Admirables esos ¿últimos soñadores? de entonces: Anita, Lisette, Jainet, Nuriem, Aimee, Dania, Carlos, Annette, Gilberto, Meurys, Nadia, Adrián, Alina…, capaces de despertar «recelos» en los más conservadores, porque no era saludable que aquella muchachada no los dejara en paz, que no saliera de arriba de esos inexpertos que jamás temieron que la naturalidad que los distinguía socavara la admiración y el respeto que, en buena lid, se habían agenciado.
Y el 22 de diciembre representaba para todos un día de fiesta, de fiesta verdadera. Y uno se alegraba sinceramente por el «detalle» con que algunos de tus pupilos te sorprendían, mientras buscabas por los rincones a quienes se escondían detrás de las columnas, porque estabas consciente de que nada había para obsequiar en esas casas suyas que conocías de memoria, que habías visitado mil veces. A nadie se le ocurría trocar jabón por favores. Por el contrario: agradecías a la vida por haberte ganado el escaso privilegio de recibir, como regalo, un abrazo y una sonrisa.

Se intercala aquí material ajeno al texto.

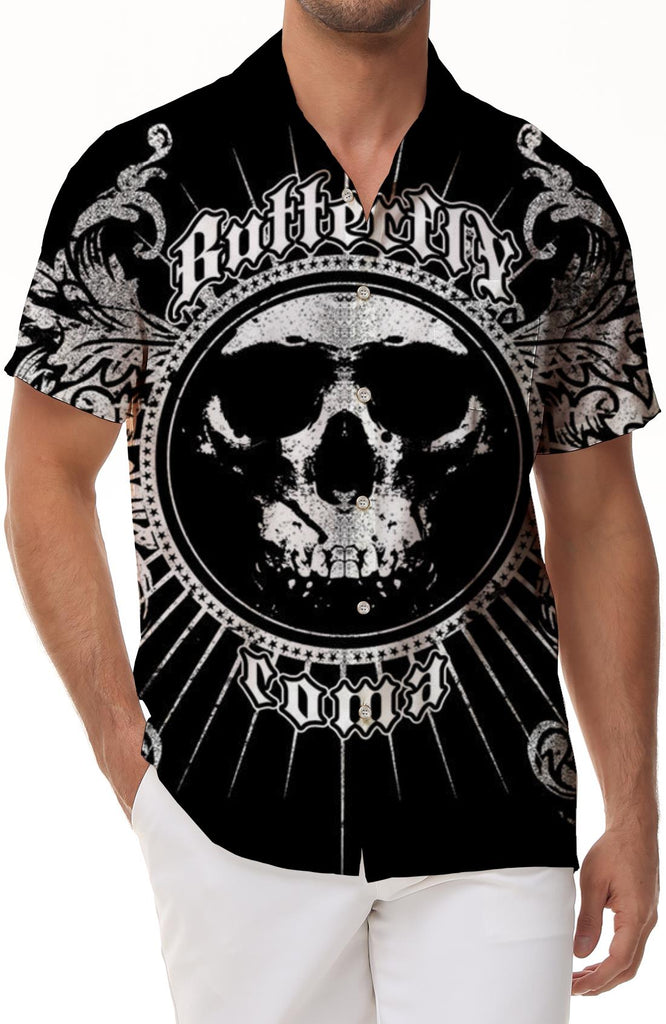 Special black skull fun cool print short sleeves Hawaiian tropical four seasons fashion trend short sleeves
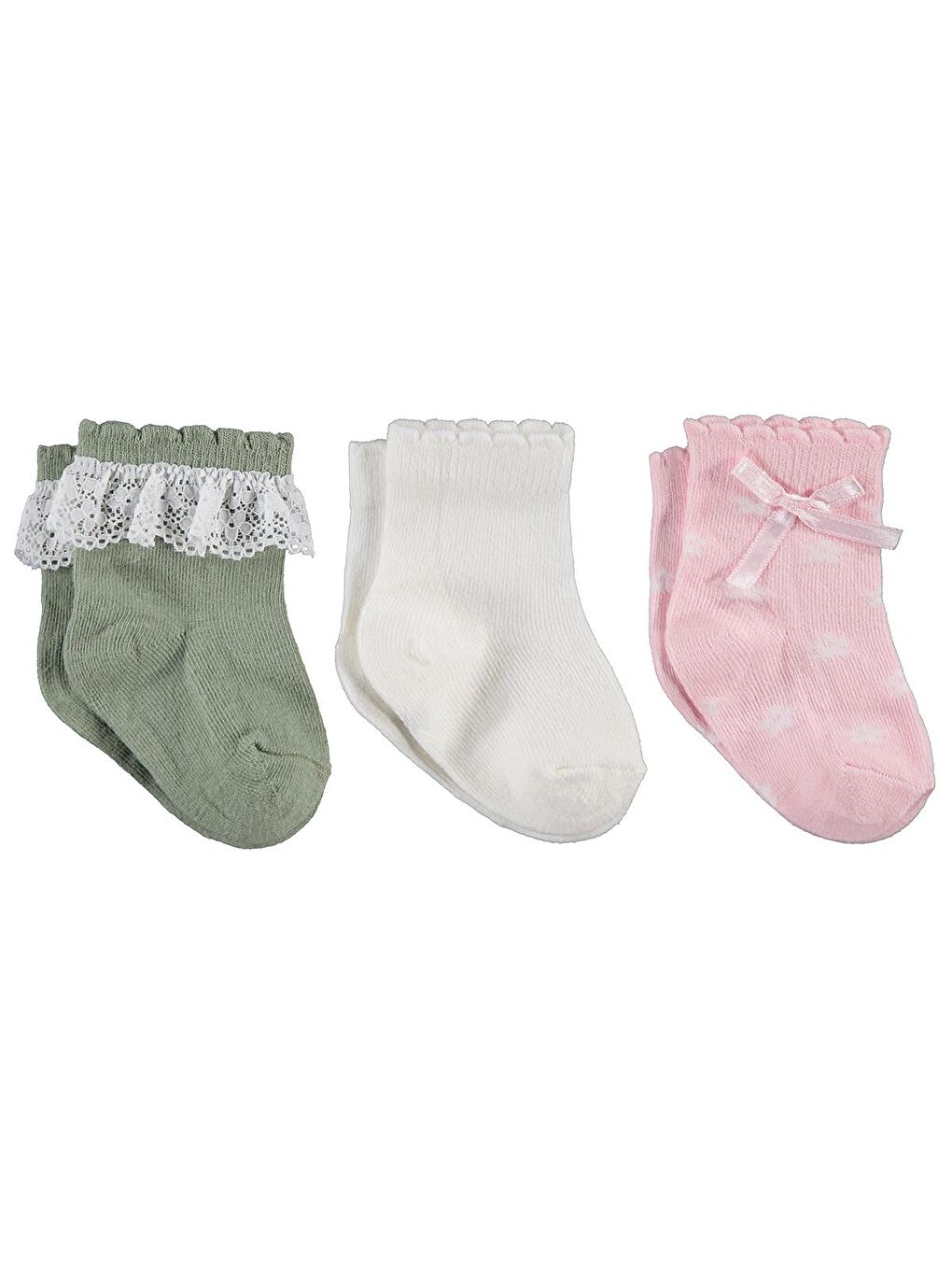 Beyaz Baby Dantel ve Fiyonk Aksesuarlı 3'lü 6-18 Ay Bebek Kız Çorap Set - Standart 12 Ay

Perfectos ni en sueños, mas llegaron a la profesión por amor, por vocación real, inspirados en esos maestros que los tallaron con la delicadeza con que se pule un diamante. Hubo quienes entraron por dar el paso al frente. Pero incluso esos eran tan buenos, tan puros, creían tanto en la utilidad de la virtud, que no tardaron en comprender que tal vez, sin quererlo, habían dado con la carrera más bella, valiosa y necesaria del universo, esa en la que siempre se está de parto, trayendo al mundo a seres que, sobre todo, hay que enseñar a andar y a pensar... quizá pretendían mucho.